The California State Auditor removed the state’s transportation infrastructure from its “high-risk list” Thursday after 16 years in recognition of the progress California has made in rebuilding and upgrading the state transportation system in recent years.

“The Auditor’s findings are a testament to the substantial progress Caltrans, the California Transportation Commission and our partners have made as we work together to improve and rebuild our state’s critical transportation infrastructure,” said California Transportation Secretary Toks Omishakin. “This progress has been especially noteworthy since the passage of Senate Bill (SB) 1, the Road Repair and Accountability Act of 2017 – landmark legislation that ushered in a new era of infrastructure investment to rebuild California. Our elected officials and the people of California entrusted us with their hard-earned tax dollars to upgrade the state’s aging infrastructure, and we have delivered and will continue to make good on that trust. Coupled with Governor Newsom’s infrastructure streamlining package and a $15 billion investment in clean transportation infrastructure, along with recent increased federal infrastructure funding, our state is in an incredible and unique position to keep making progress and accelerate our transition to a cleaner, safer, more equitable and more connected transportation system that benefits all Californians.”

The Auditor first designated California’s deteriorating transportation infrastructure as a high-risk issue in May 2007, noting at the time that a long-term stable funding source was needed to address maintaining and upgrading the state’s aging roads and bridges, reduce traffic delays, improve goods movement, and increase options for transit, intercity rail and active transportation like walking and biking.
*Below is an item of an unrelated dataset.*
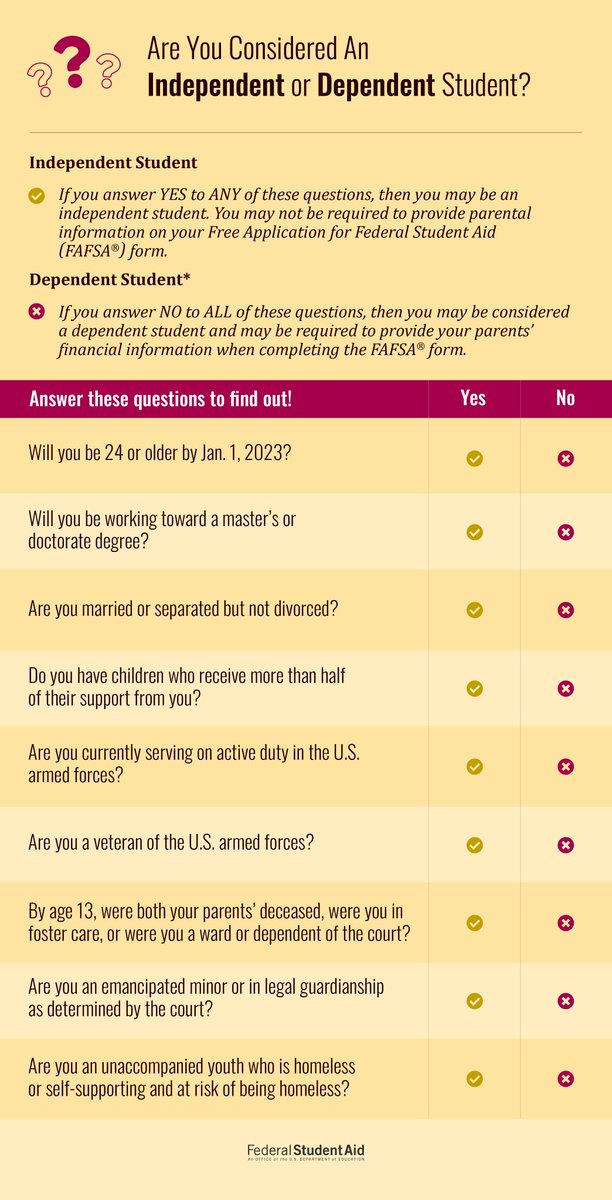 FAFSA's tweet photo. Wondering if you are considered an independent student on the 2023–24 FAFSA® form? See if you check “yes” to any of these questions. 👇 https://t.co/HYyvNO9hJk https://t.co/bbgX4x1hKh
That all changed with the passage of SB 1, which provides more than $5 billion in transportation funding annually that is shared about equally between state and local agencies. SB 1 represented the first significant, stable and ongoing increase in state transportation funding in more than two decades. To date, California has invested $18.3 billion in SB 1 funding in more than 10,000 projects in communities throughout the state, creating more than 237,000 jobs.

As the Auditor notes, keeping California’s transportation infrastructure in good repair is important because it enhances safety and maintains the usable life of critical state assets, which currently consists of 50,000 lane miles of pavement, 13,200 bridges, 213,000 culverts and drainage facilities, and nearly 21,000 transportation management system elements (changeable message signs, meters, etc.). Caltrans already has exceeded the 10-year SB 1 targets in three of the four primary infrastructure targets and is making substantial progress on the fourth. Since the start of SB 1, Caltrans has:

– Enhanced pavement on nearly 15,000 lane miles on the state highway system so 99% of pavement is in good or fair condition – above the SB 1 goal of 98% by 2027.
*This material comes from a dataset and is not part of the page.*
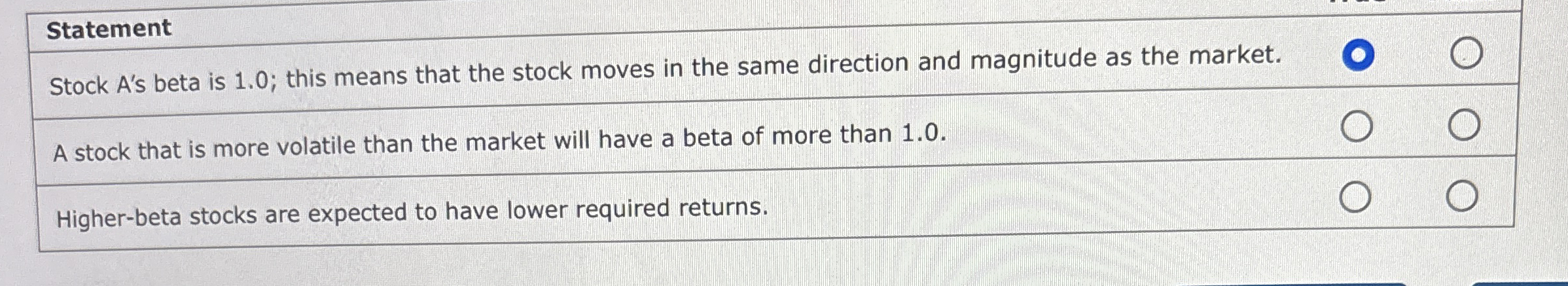  Statement Stock A's beta is 1.0 ; this means that the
– Fixed 1,512 bridges – more than doubling the number of structures repaired annually and already surpassing the SB 1 goal of 500 additional bridges restored by 2027.
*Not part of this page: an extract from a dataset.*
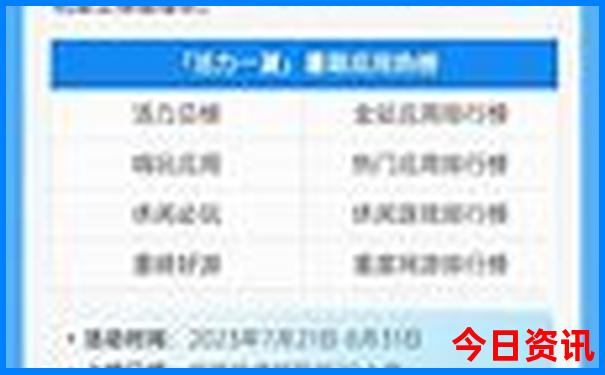 8月份适合去哪旅游不热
– Repaired 578,285 linear feet of culverts – a more than three-fold increase from pre-SB 1 levels – and cleaned more than 1.6 million linear feet of culverts so 90% of drainage systems on the state highway network are now in good or fair condition, in line with SB 1’s 10-year goal.

– Added or repaired nearly 6,200 traffic management system elements, with 77% currently in good or fair condition and on track to reach the SB 1 target of 90% in good condition by 2027.

To leverage this notable progress in upgrading and rebuilding the state’s critical infrastructure, Governor Newsom signed a $15 billion clean transportation infrastructure package as part of the 2022-23 state budget to further the state’s ambitious climate goals. These historic multiyear investments are improving and expanding transit and passenger rail service throughout the state, increasing safe walking and biking options, making key safety improvements that will save lives, reconnecting communities, continuing progress on the nation’s first electrified high-speed rail line, and upgrading the state’s supply chain infrastructure to support a more efficient, sustainable and resilient goods movement system.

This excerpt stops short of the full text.